If you experience symptoms of liver problems such as fatigue, feeling unwell, loss of appetite, nausea, yellowing of the skin or whites of the eyes, dark urine, pale stools, abdominal pain or swelling, and itchy skin, contact your doctor immediately.

Low blood pressure: Occasionally, a larger-than-expected decrease in blood pressure occurs after taking candesartan. In some cases, this happens after the first dose. It is more likely to occur if you take diuretics or the medication aliskiren, have a reduced salt intake, are on dialysis, or are experiencing diarrhea or vomiting. Blood pressure should be monitored more often in these situations. Those with low blood pressure or those just starting to take this medication should move slowly from a reclining to an upright position to reduce the risk of dizziness.

Potassium levels: This medication may affect potassium levels in the blood, especially when used for heart failure, or when taken with other medications called ACE inhibitors or diuretics such as spironolactone. Your doctor will monitor your potassium levels while on this medication. Avoid using salt substitutes that contain potassium while you are taking candesartan.

Pregnancy: Candesartan may cause severe harm to an unborn fetus and should not be used during pregnancy. If you discover you are pregnant while taking this medication, stop taking it and tell your doctor at once.

Breast-feeding: It is not known if candesartan passes into breast milk. If you are a breast-feeding mother and are taking this medication, it may affect your baby. Talk to your doctor about whether you should continue breast-feeding.

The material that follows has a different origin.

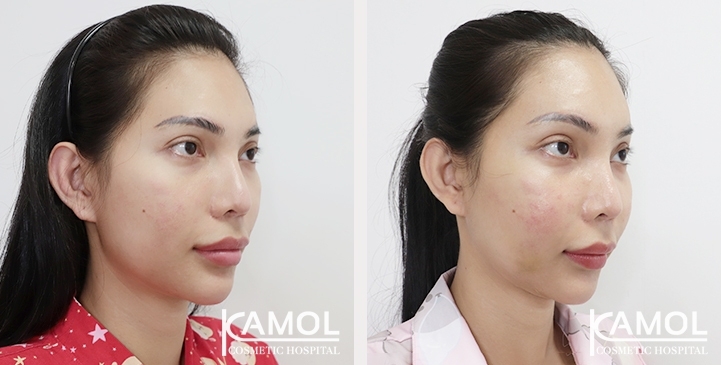 Before and After Cheekbone Augmentation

Children: The safety and effectiveness of using this medication have not been established for  the treatment of hypertension in children less than 6 years of age and for the treatment of heart failure in children less than 18 years of age.

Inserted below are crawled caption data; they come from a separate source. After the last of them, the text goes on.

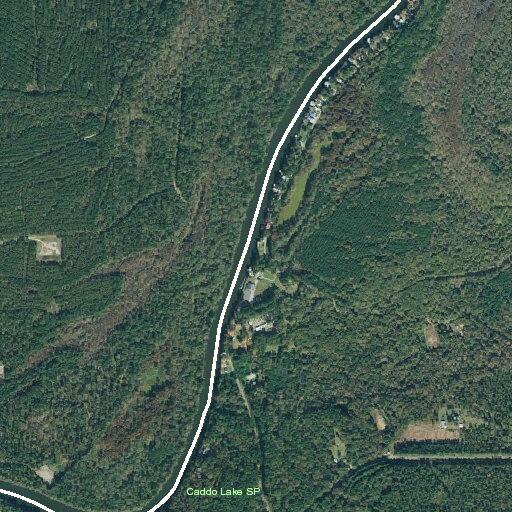 62-year-old man faints with left arm pain at lodge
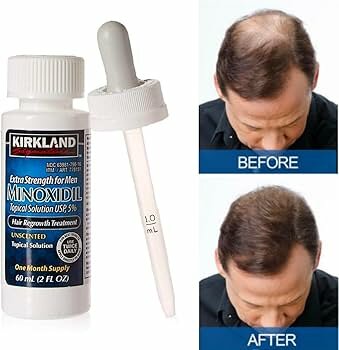 Minoxidil 5% et Derma Roller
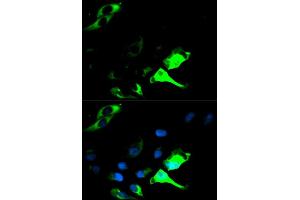 Immunofluorescence analysis of HeLa cell using KRT8 antibody. (KRT8 anticorps  (AA 1-483))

What other drugs could interact with this medication?

There may be an interaction between candesartan and any of the following:

  • alfuzosin
  • aliskiren
  • amifostine
  • amphetamines (e.g., dextroamphetamine, lisdexamphetamine)
  • angiotensin converting enzyme inhibitors (ACEIs; captopril, enalapril, ramipril)
  • angiotensin receptor blockers (ARBs; e.g., candasartan, irbesartan, losartan)
  • barbiturates (e.g., secobarbital, phenobarbital)
  • beta-adrenergic blockers (e.g., atenolol, propranolol, sotalol)
  • brimonidine
  • calcium channel blockers (e.g., amlodipine, diltiazem, nifedipine, verapamil)
  • canagliflozin
  • celecoxib
  • clonidine
  • cyclosporine
  • dipyridamole
  • diuretics (water pills; e.g., furosemide, hydrochlorothiazide, triamterene)
  • guanfacine
  • heparin
  • hydralazine
  • isosorbide dinitrate or isosorbide mononitrate
  • levodopa
  • lithium
  • low molecular weight heparins (e.g., dalteparin, enoxaparin, tinzaparin)
  • methyldopa
  • methylphenidate
  • monoamine oxidase inhibitors (MAOIs; e.g., moclobemide, phenelzine, rasagiline, selegiline, tranylcypromine)
  • nitroglycerin
  • nonsteroidal anti-inflammatory drugs (NSAIDs; e.g., naproxen, ibuprofen)
  • pentoxyfylline
  • phosphodiesterase 5 inhibitors (e.g., sildenafil, tadalafil, vardenafil)
  • potassium supplements or medications that increase potassium in the blood
  • rituximab
  • selective serotonin reuptake inhibitors (SSRIs; e.g., citalopram, duloxetine, fluoxetine, paroxetine, sertraline)
  • sodium phosphates
  • tolvaptan
  • trimethoprim

If you are taking any of these medications, speak with your doctor or pharmacist. Depending on your specific circumstances, your doctor may want you to:

  • stop taking one of the medications,
  • change one of the medications to another,
  • change how you are taking one or both of the medications, or
  • leave everything as is.

An interaction between two medications does not always mean that you must stop taking one of them. Speak to your doctor about how any drug interactions are being managed or should be managed.

Medications other than those listed above may interact with this medication. Tell your doctor or prescriber about all prescription, over-the-counter (non-prescription), and herbal medications you are taking. Also tell them about any supplements you take. Since caffeine, alcohol, the nicotine from cigarettes, or street drugs can affect the action of many medications, you should let your prescriber know if you use them.